How to complete this task: In your copy of the listing below, reproduce each word exactly and include no pictures.

Data section:

- - - -

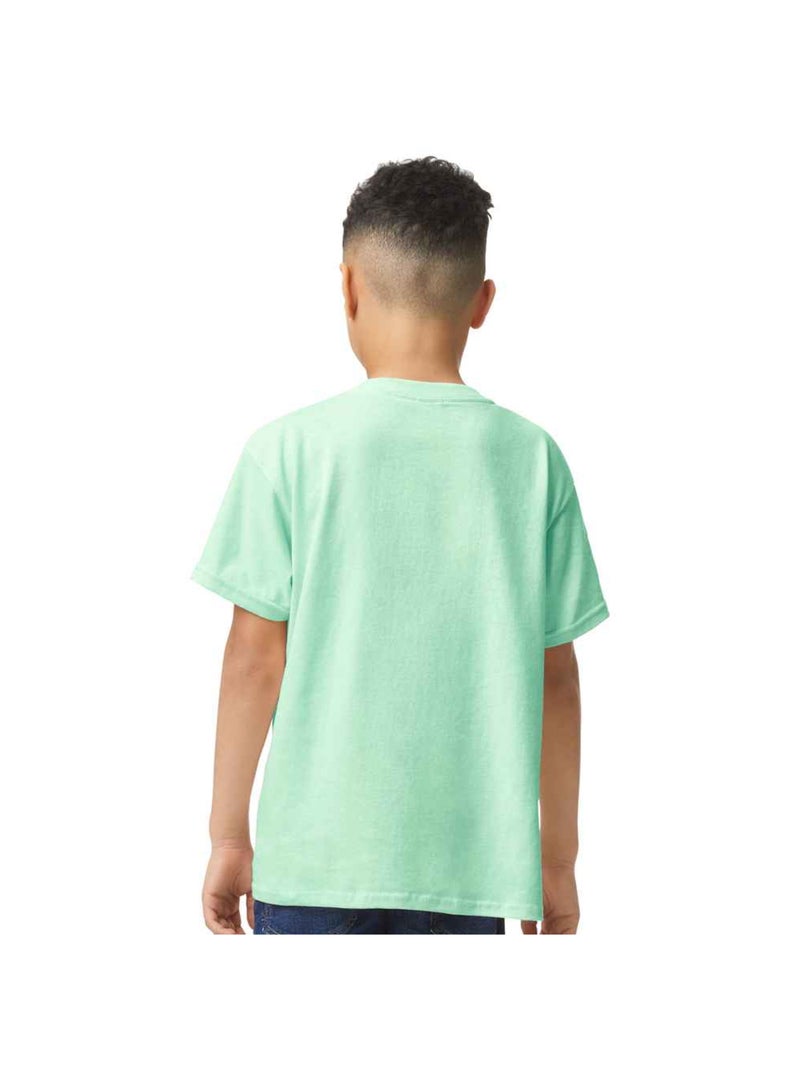Gildan - T-shirt Vert menthe - Kiabi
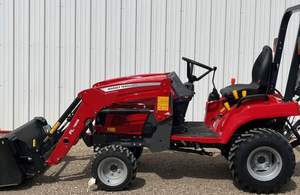 Tractor Massey Ferguson GC1723E Usado, 4x4, Máquina Agrícola de Alto Rendimiento en Venta - Product Image 5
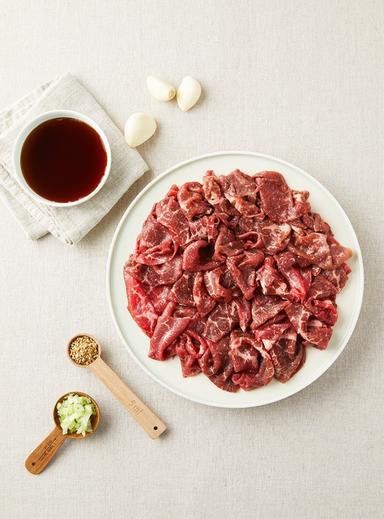 무항생제 한우 불고기용(500g)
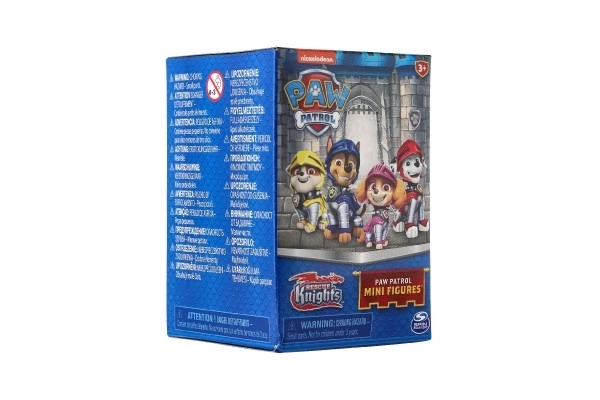 Paw Patrol Ritter Mini-Figuren im Turm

- - - -

Answer to this problem:
Gildan - T-shirt Vert menthe - Kiabi
 Tractor Massey Ferguson GC1723E Usado, 4x4, Máquina Agrícola de Alto Rendimiento en Venta - Product Image 5
 무항생제 한우 불고기용(500g)
 Paw Patrol Ritter Mini-Figuren im Turm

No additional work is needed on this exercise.